Newegg.com - RAIDMAX Typhoon ATX-312WS Black SECC ATX Mid Tower Computer Case

im planing on building my first computer. that is the case i decided on but i read somewhere that its better to have more air going out than in. so my question is
*what if i reversed that front 120mm fan(if i can) so it blows out then reversed the 2x80mm fans so they blow in?*

just curious i wanna get the most i can outta my first build. also if you know a better case that is decently cheap tell me about it for the love of god lol.

sorry if the question is dumb.


----------



## MPR (Aug 28, 2010)

The problem with reversing your fans is that case vent and fan placement is based on the fact that hot air rises. Thus, the cool air brought in by the lower front fan rises as it draws energy from the hot components and is exhausted by the higher rear fan. This is why many modern gaming cases also have top fans. Most would say that you usually want your front and exhaust fans either running at the same speed or your exhaust fan running at a higher speed in order to prevent a positive pressure situation in your case; however, most cases are "leaky" enough that this really isn't much of a concern.
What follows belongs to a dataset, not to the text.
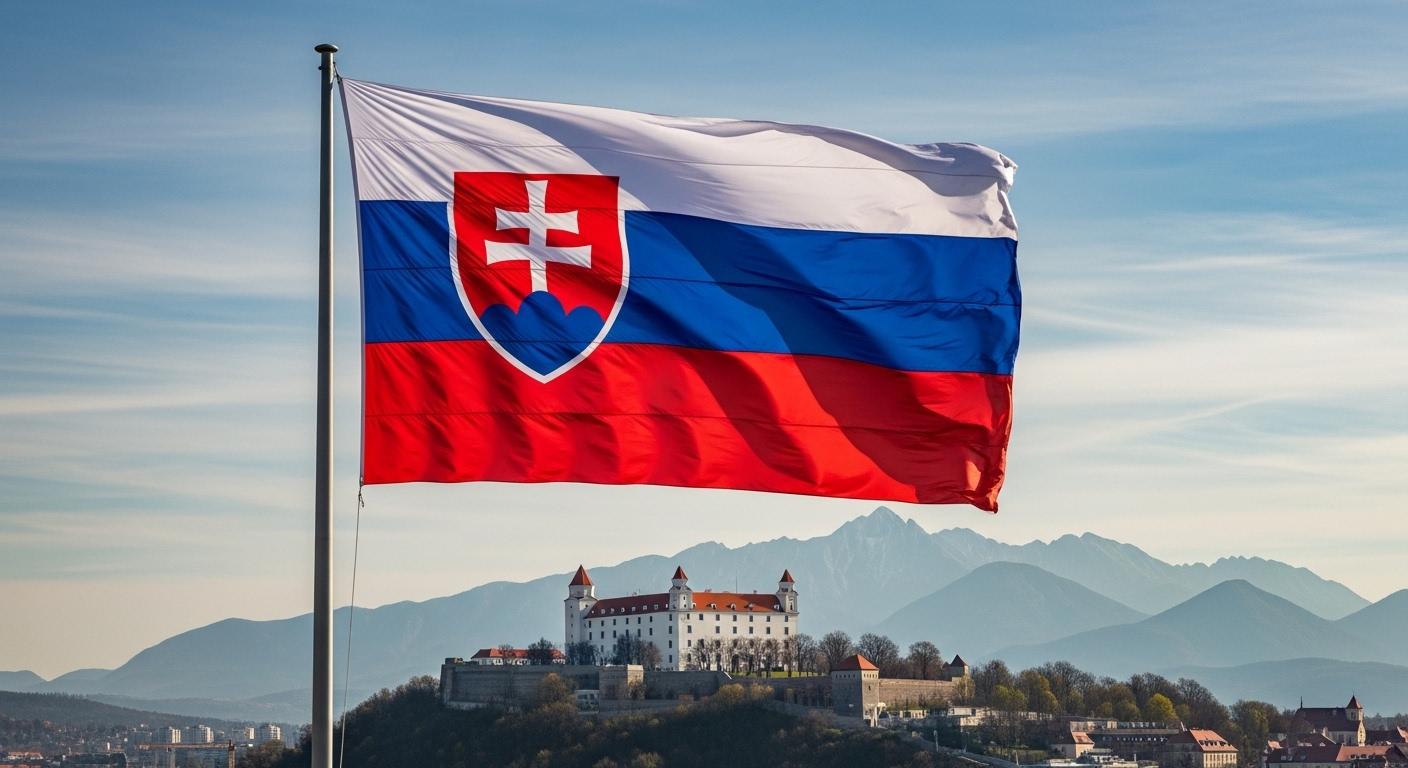 Cờ Slovakia mang biểu tượng chữ thập kép trên ba ngọn núi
Remember too that in most cases your PSU is also venting air from the case so I'd just adjust them for the best combination of cooling versus noise.


----------



## africk (Jan 28, 2011)

okay thank you. really didnt even think that hot air raises. was just thinking more out power lol. 
i think im gonna look keep looking for cases. maybe go to a local shop an see what they think on cases.


----------



## gcavan (Aug 13, 2009)

Here are some fairly inexpensive ($50 shipped) cases from Antec and CoolerMaster.
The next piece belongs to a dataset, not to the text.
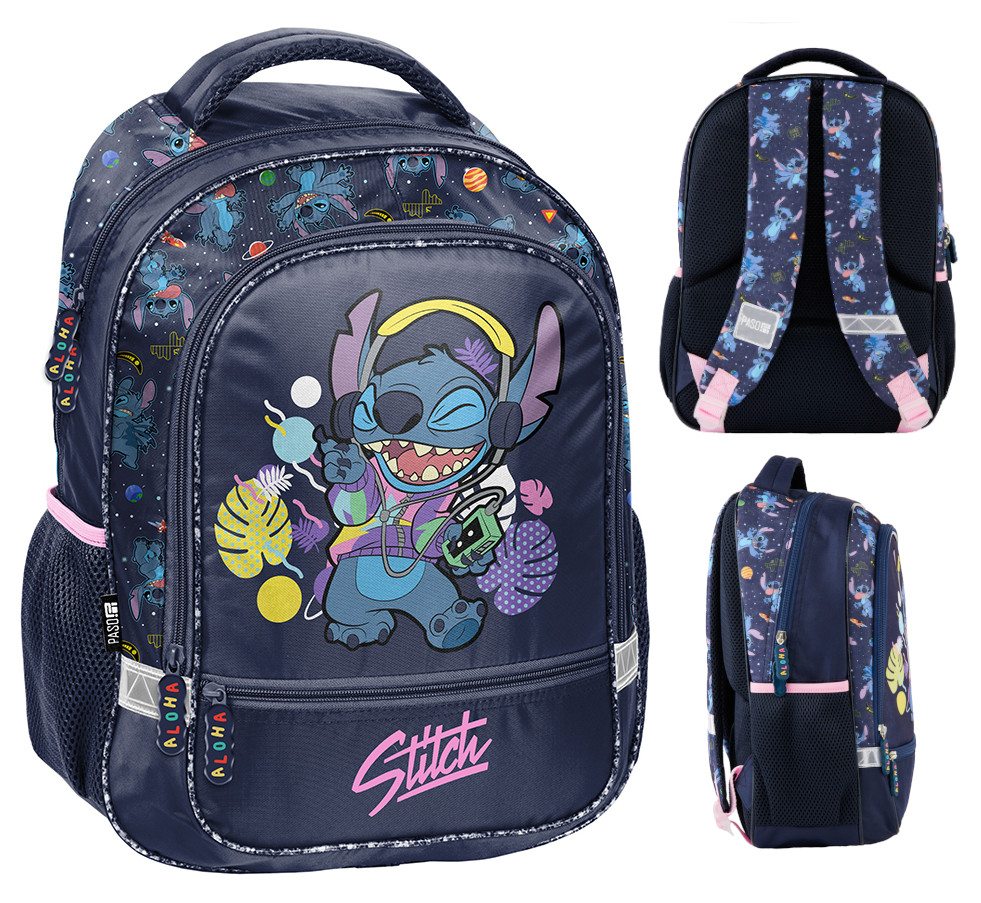 Školský batoh Paso Disney Stitch pre dievčatá 1-3. trieda, viackomorový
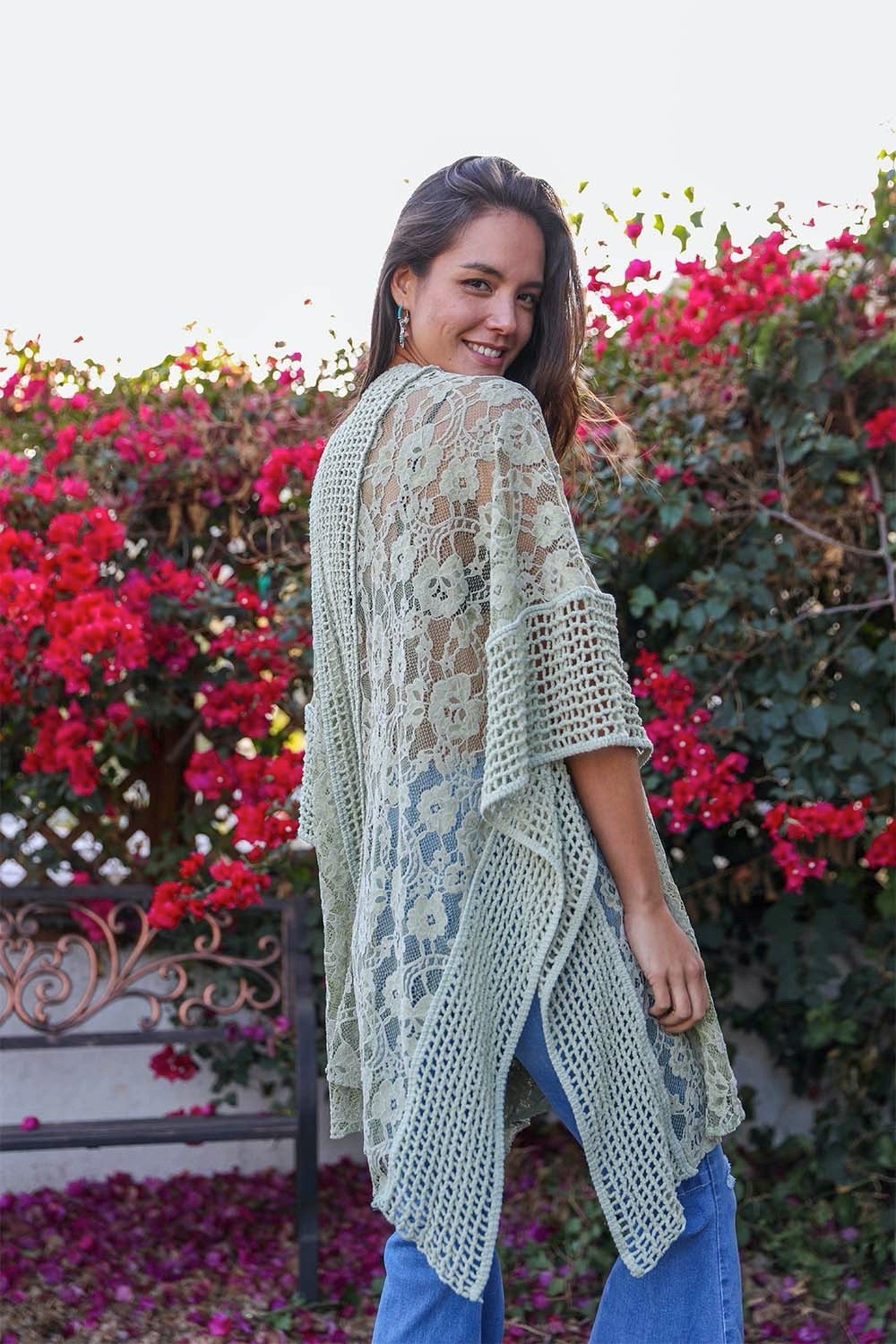 Floral Grid Pattern Boho Kimono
Newegg.com - Computer Parts, PC Components, Laptop Computers, LED LCD TV, Digital Cameras and more!


----------



## WereBo (Apr 5, 2008)

Allo africk and welcome to TSF









As well as the points mentioned by gcavan, having a 'low-front-in' and a higher-back-out' fan(s) means you get a (hopefully) smooth airflow through the case, which is the most efficient way to remove the heat.
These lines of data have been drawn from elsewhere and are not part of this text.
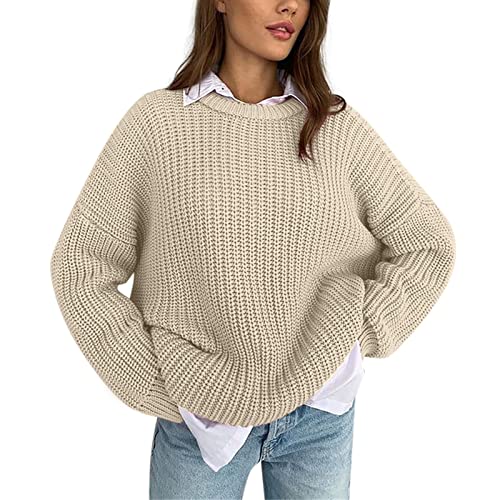 beiläufige lose Faule Wind-Strickjacke-Frauen-Oberbekleidungs-Pullover-Langarm-Rundhals-Strickpullover Günstige Pullover Damen (A, S) von QUINTRA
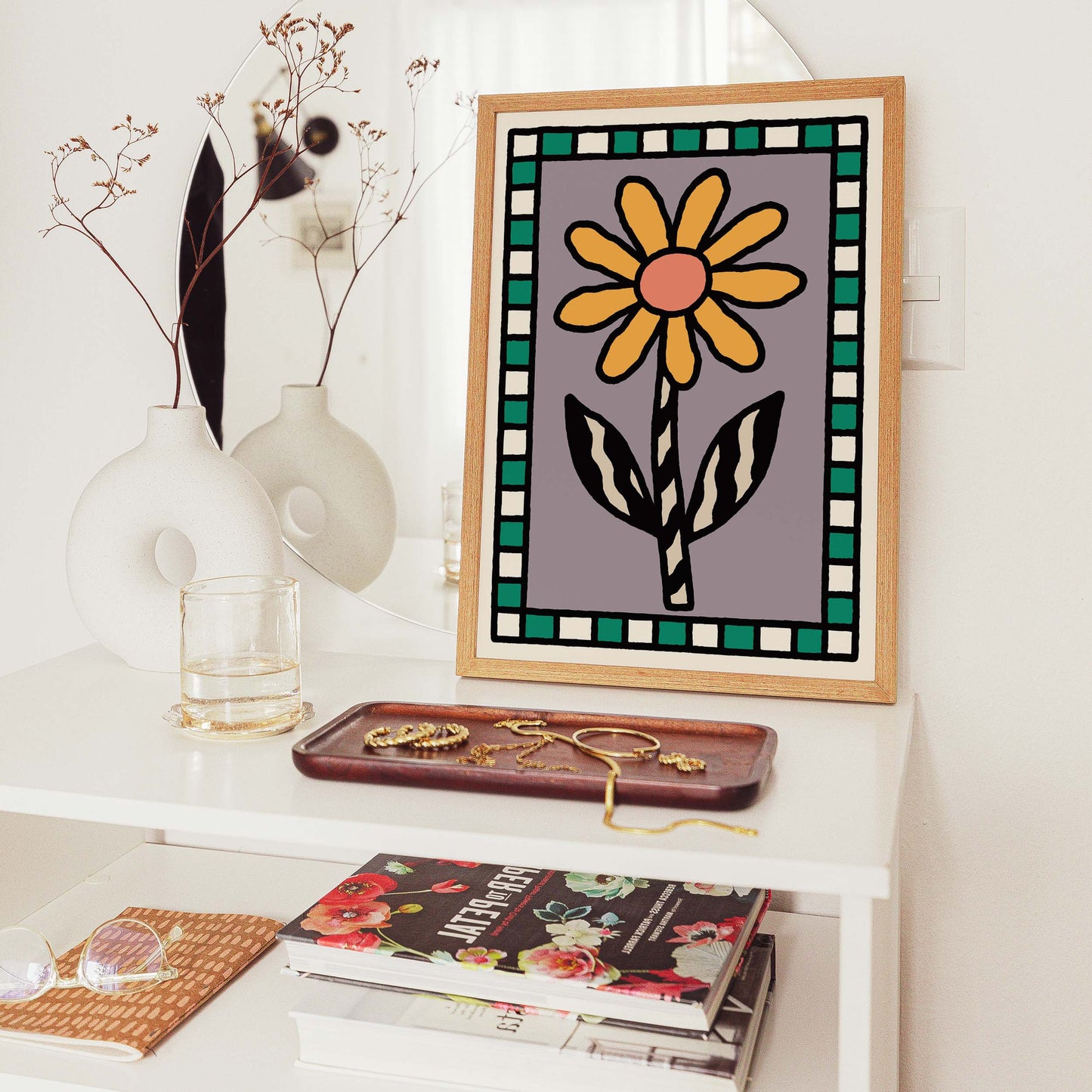 Scandinavian Daisy Poster Wall Art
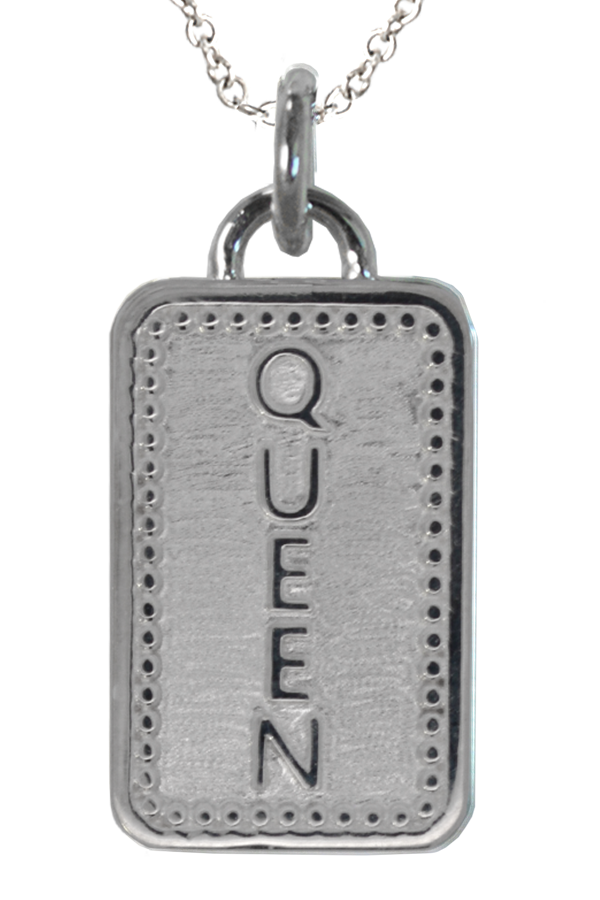 QUEEN and REINA Word Charm Necklace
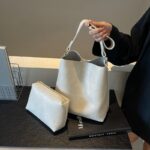 Versatile tote bag women's shoulder bag women's large capacity commuting bucket bag - imagine 2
Depending on which case you opt for, there might well be a mounting for a side-fan, this one is a bit tricksy as sometimes a fan sucking out is better than a fan blowing in, whereas other builds are better with the fan blowing in - There's no hard-&-fast rule about that one, as some PC's are cooler without a side-fan, just to confuse things even more :grin:

The main things that can disrupt that airflow is the gazillion wires and cables that are often strewn about, connecting everything to everything else - They can cause 'hotspots' in the case, where the heat get trapped, as the air is diverted from that area.

When assembling your PC, take a browse through the 'sticky' post about *cable management* - It might not be entirely applicable to your specific build, but it's full of useful hints and tips, some of which will be useful.

Good luck with it


----------



## africk (Jan 28, 2011)

wow thank you guys for posting help info an esp thanks for the links. i think instead of tryin to make it all custom i may do the 500$ build on the 
http://www.techsupportforum.com/forums/f255/want-to-build-a-new-intel-or-amd-system-revised-2010-and-updated-regularly-448272.html

post. so that way i dont run into many if any problems and i wont run any risk or having to return anything unless they are dead. and im def going to read more about cable management. i dont feel like cooking my new comp lol


----------



## WereBo (Apr 5, 2008)

You're welcome :grin:

It's always best to keep it simple for the 1st build then, once it's all working perfectly and happily, you can start to 'mod' things as you feel confident enough to try - Adding case-lights, extra fans, side-panel windows or even a completely home-built custom-case; the list is endless, almost like the help and info available in the old-posts here :laugh:

I built this PC approx 3 years ago for UK£420 (US$666) including keyboard/mouse, monitor, the full works and, apart from upgrading the CPU from AMD Athlon 4200+ to a 6000+, adding some extra HDD's and replacing the graphics-card last year, it's still cruising along happily, the only time it's powered down is when I go to sleep :grin:


----------